Line by line, copy the entries exactly, excluding the pictures.

[Start of Attachment]

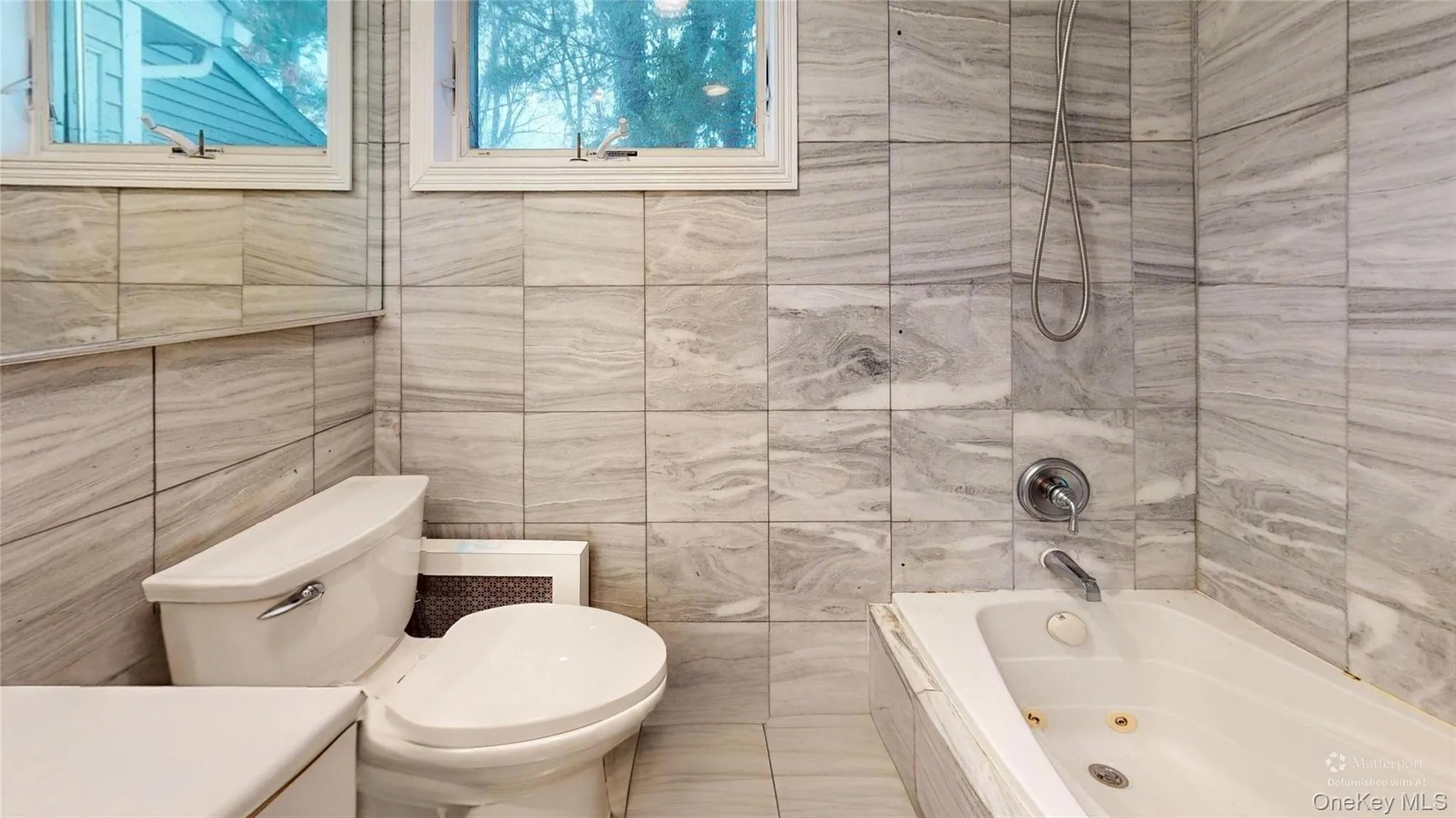 11 Rockhill Road, North Hempstead, NY, 4 Bedrooms Bedrooms, 8 Rooms Rooms,2 BathroomsBathrooms,Residential Lease,For Rent,Rockhill,0,972672 11 Rockhill Road, North Hempstead, NY, 4 Bedrooms Bedrooms, 8 Rooms Rooms,2 BathroomsBathrooms,Residential Lease,For Rent,Rockhill,0,972672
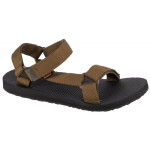 Teva Original Universal Sandals 1004006-DOL Sandály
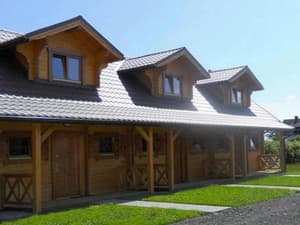thumbnail: Exterior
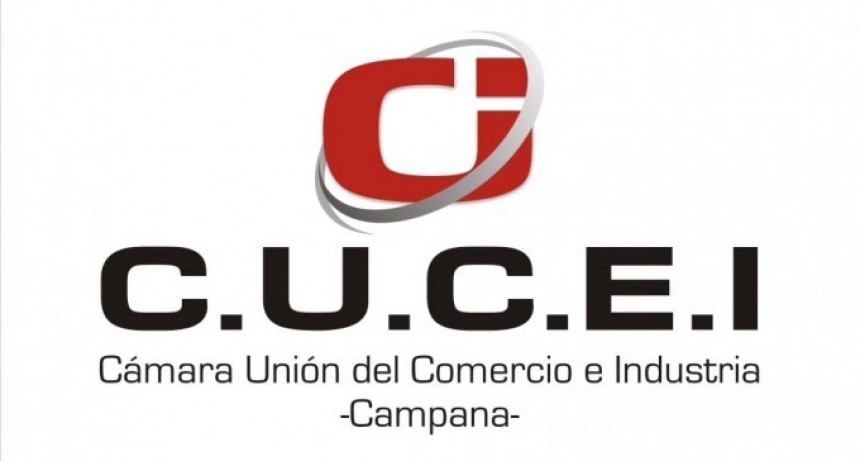 La C&aacute;mara Uni&oacute;n del Comercio e Industria de Campana contin&uacute;a realizando actividades en el marco de los 110 a&ntilde;os de la instituci&oacute;n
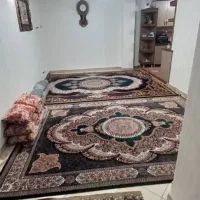 اپارتمان60متر/1خواب/بازسازی/خوش نقشه/قائمیه ارشاد|اجارهٔ آپارتمان|اسلام‌شهر, شهرک قائمیه|دیوار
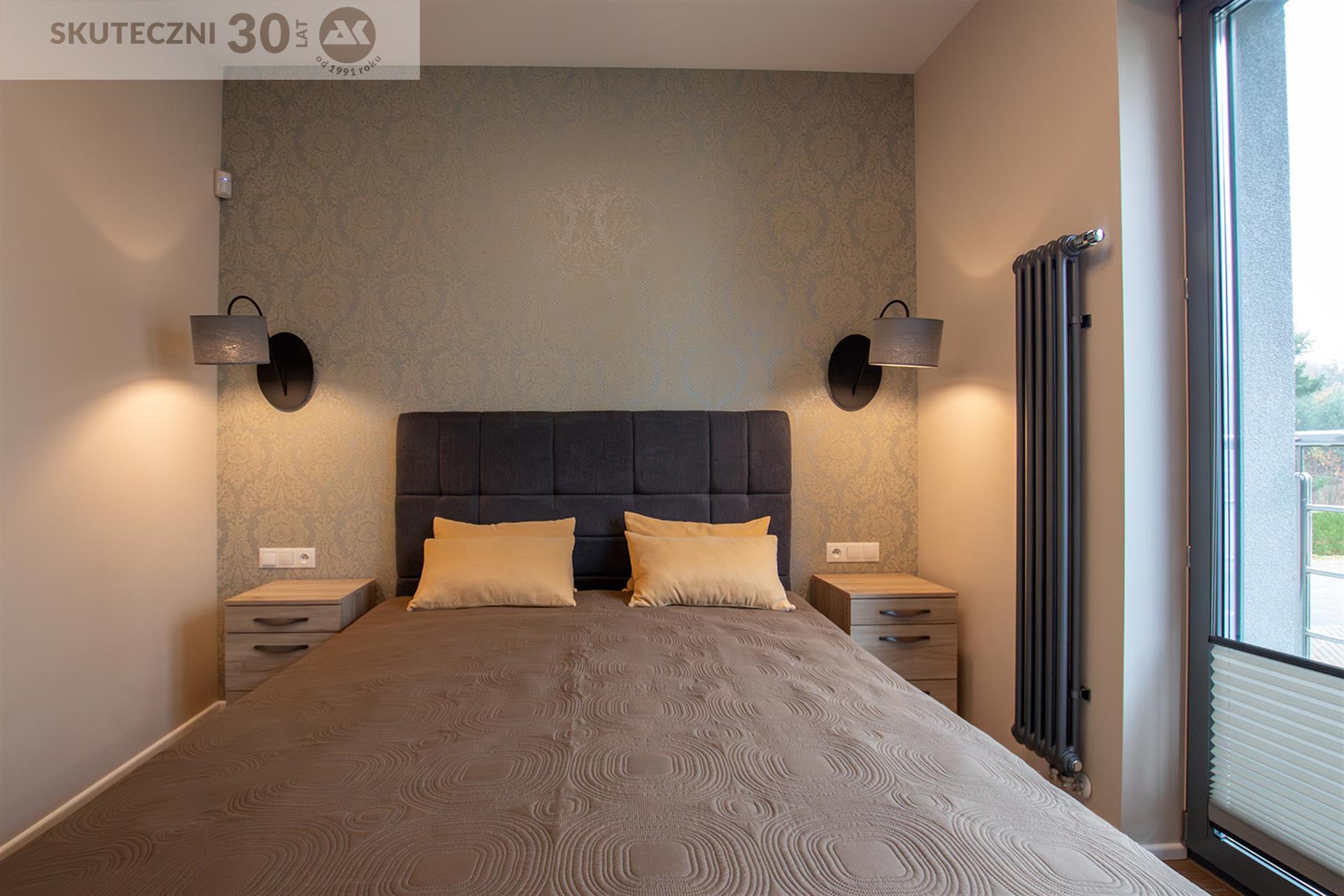 Mieszkanie - Mielno  (7)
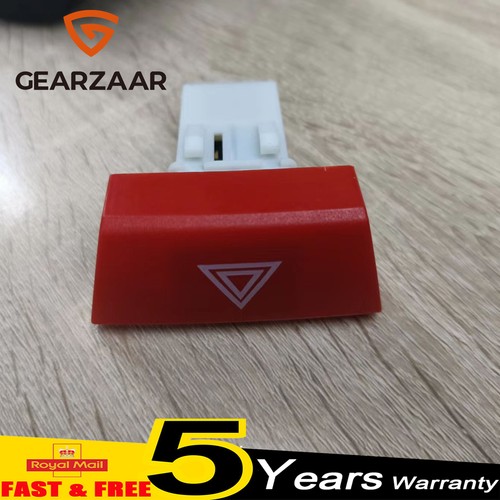 For peugeot 107 citroen - for,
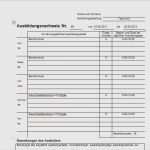 Langzeitlieferantenerklärung Ihk Vorlage Einzigartig Ausbildungsnachweis Vorlage Ihk Inspiration Praktikum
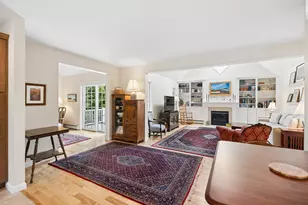 4 Ivy Wy, Brunswick, ME 04011 - Photo 17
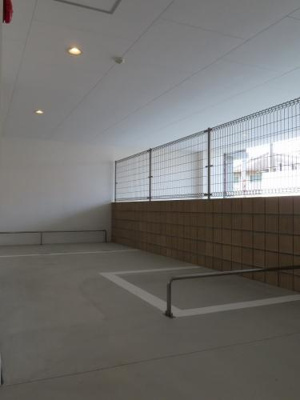 【その他】 | ノイエス ラント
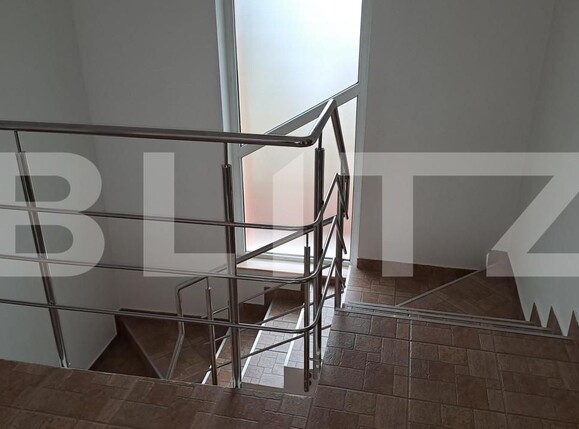 Casa de vânzare 4 camere Bascov - 159927CV | BLITZ Pitești | Poza10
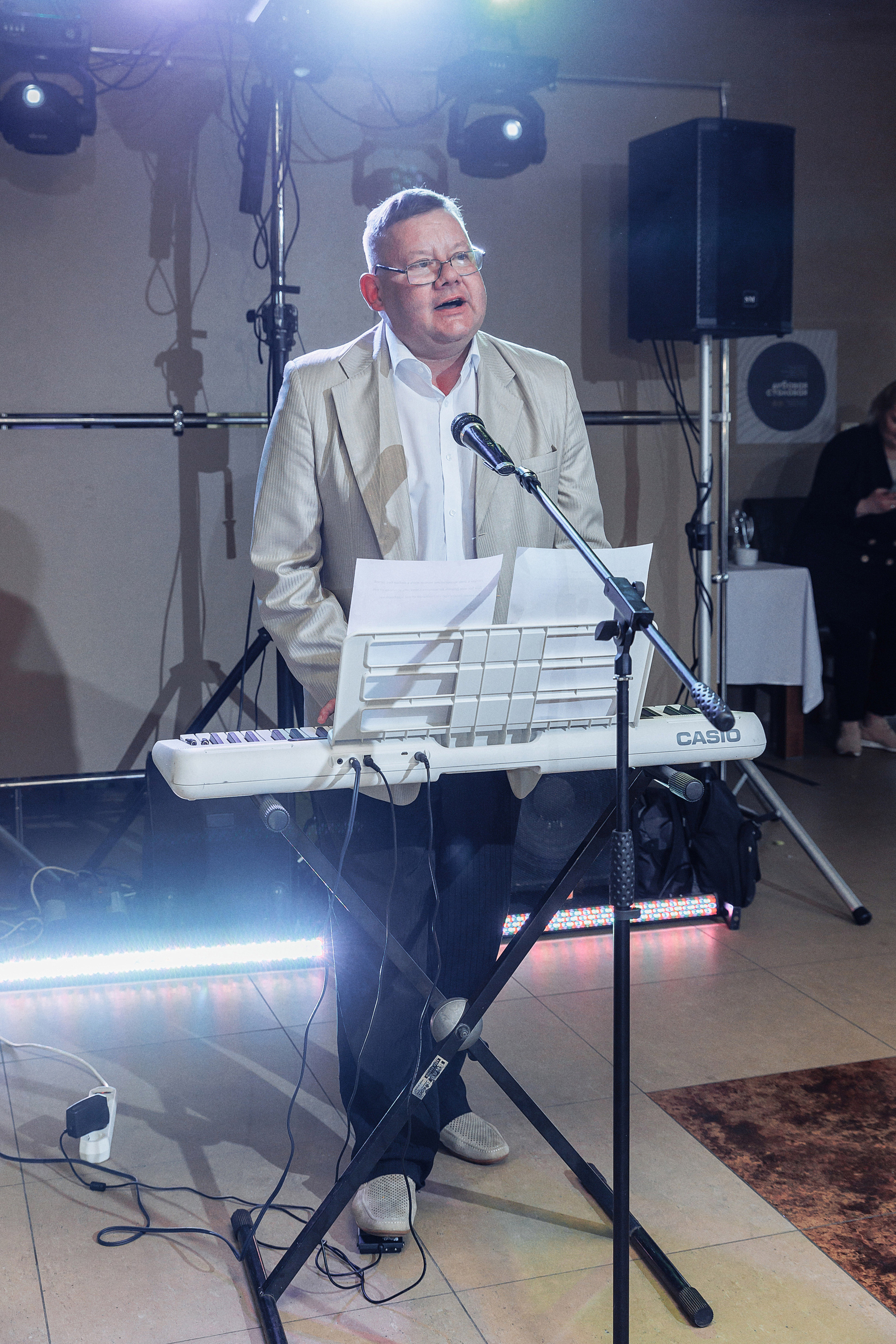 Егор и Лиза. Свадебный, семейный и репортажный фотограф Галобурда Юрий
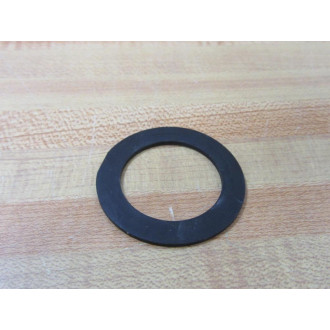 Allen Bradley 800T-N19 Rubber Washers F14963 800T-N17 (Pack of 25) - New No Box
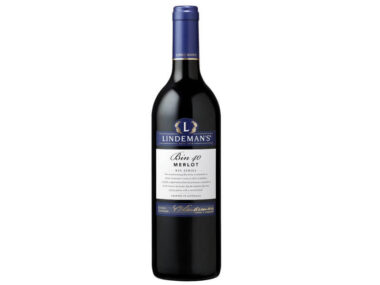 Lindeman Bin 40 Merlot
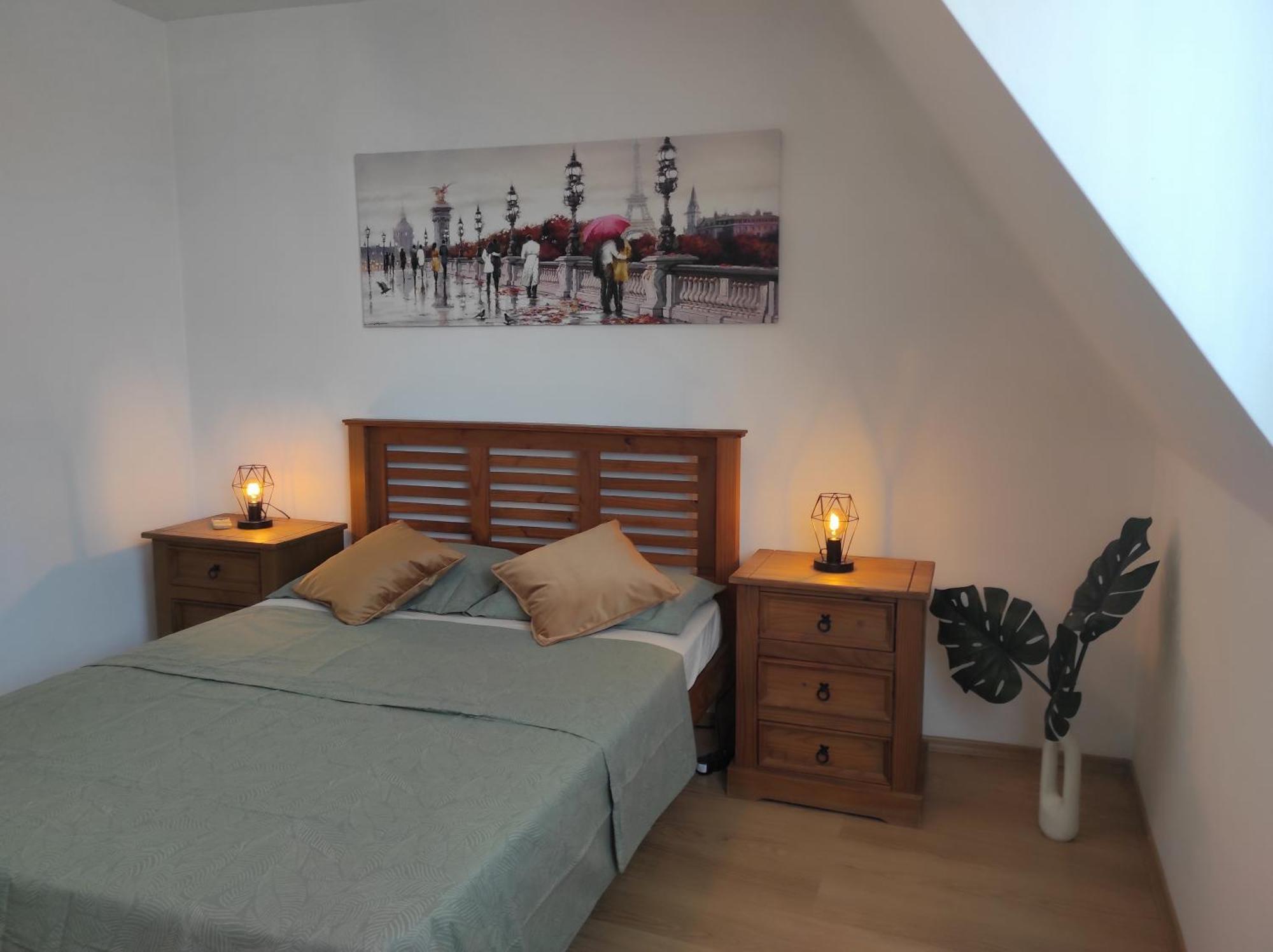 Varna Seaview Apartment Luaran gambar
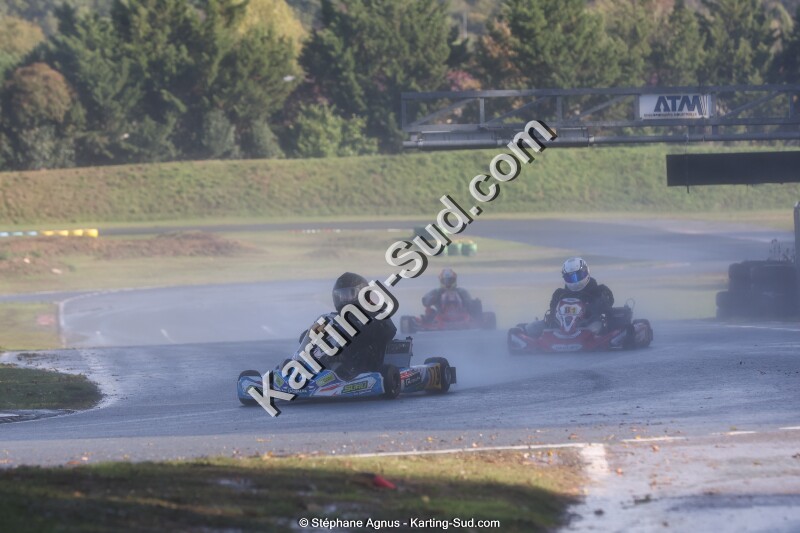 Karting-Sud-2J4A8554.jpg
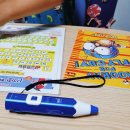 병풍농장 이미지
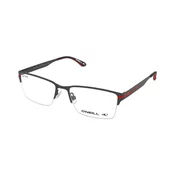 Oneill Naocare ONO 4566 008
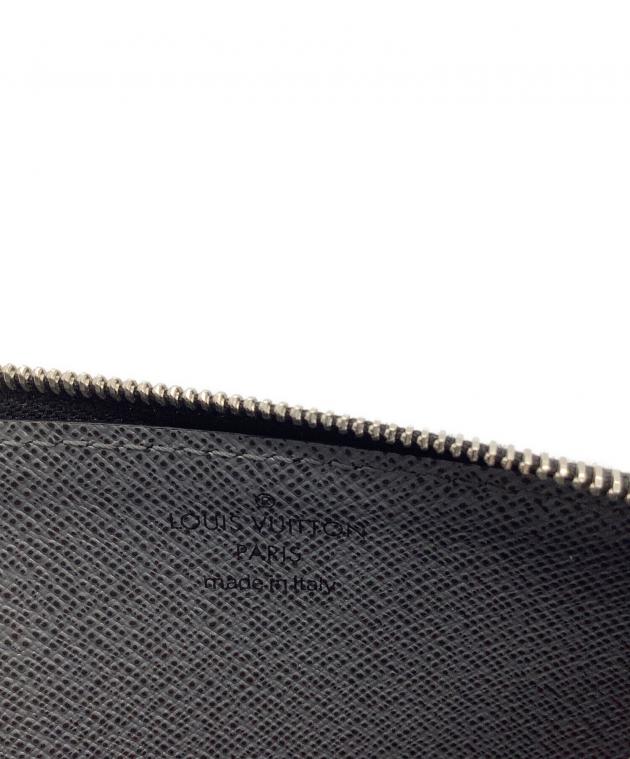 中古・古着通販】LOUIS VUITTON (ルイ ヴィトン) モノグラム グレー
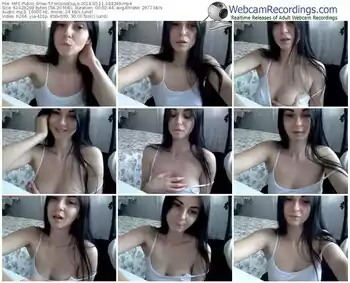 myfreecams-forgoodguys-webcam-show-05_11_2018-18_42_49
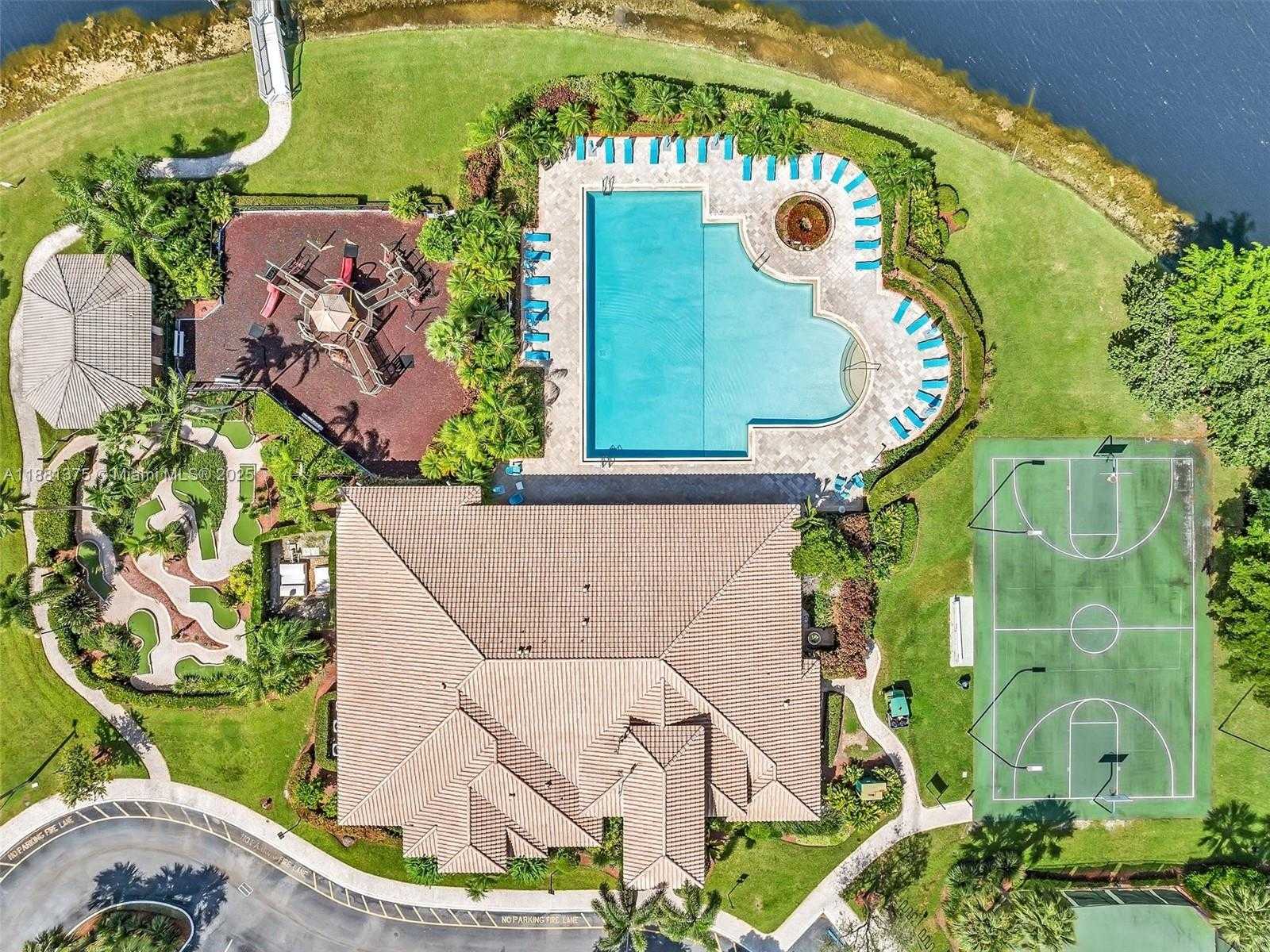 Small Image of 1892 SOUTH WEST 148TH WAY, Miramar Number 55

[End of Attachment]

Your solution:
 11 Rockhill Road, North Hempstead, NY, 4 Bedrooms Bedrooms, 8 Rooms Rooms,2 BathroomsBathrooms,Residential Lease,For Rent,Rockhill,0,972672 11 Rockhill Road, North Hempstead, NY, 4 Bedrooms Bedrooms, 8 Rooms Rooms,2 BathroomsBathrooms,Residential Lease,For Rent,Rockhill,0,972672
 Teva Original Universal Sandals 1004006-DOL Sandály
thumbnail: Exterior
 La C&aacute;mara Uni&oacute;n del Comercio e Industria de Campana contin&uacute;a realizando actividades en el marco de los 110 a&ntilde;os de la instituci&oacute;n
 اپارتمان60متر/1خواب/بازسازی/خوش نقشه/قائمیه ارشاد|اجارهٔ آپارتمان|اسلام‌شهر, شهرک قائمیه|دیوار
 Mieszkanie - Mielno  (7)
 For peugeot 107 citroen - for,
 Langzeitlieferantenerklärung Ihk Vorlage Einzigartig Ausbildungsnachweis Vorlage Ihk Inspiration Praktikum
 4 Ivy Wy, Brunswick, ME 04011 - Photo 17
 【その他】 | ノイエス ラント
 Casa de vânzare 4 camere Bascov - 159927CV | BLITZ Pitești | Poza10
 Егор и Лиза. Свадебный, семейный и репортажный фотограф Галобурда Юрий
 Allen Bradley 800T-N19 Rubber Washers F14963 800T-N17 (Pack of 25) - New No Box
 Lindeman Bin 40 Merlot
 Varna Seaview Apartment Luaran gambar
 Karting-Sud-2J4A8554.jpg
 병풍농장 이미지
 Oneill Naocare ONO 4566 008
 中古・古着通販】LOUIS VUITTON (ルイ ヴィトン) モノグラム グレー
 myfreecams-forgoodguys-webcam-show-05_11_2018-18_42_49
 Small Image of 1892 SOUTH WEST 148TH WAY, Miramar Number 55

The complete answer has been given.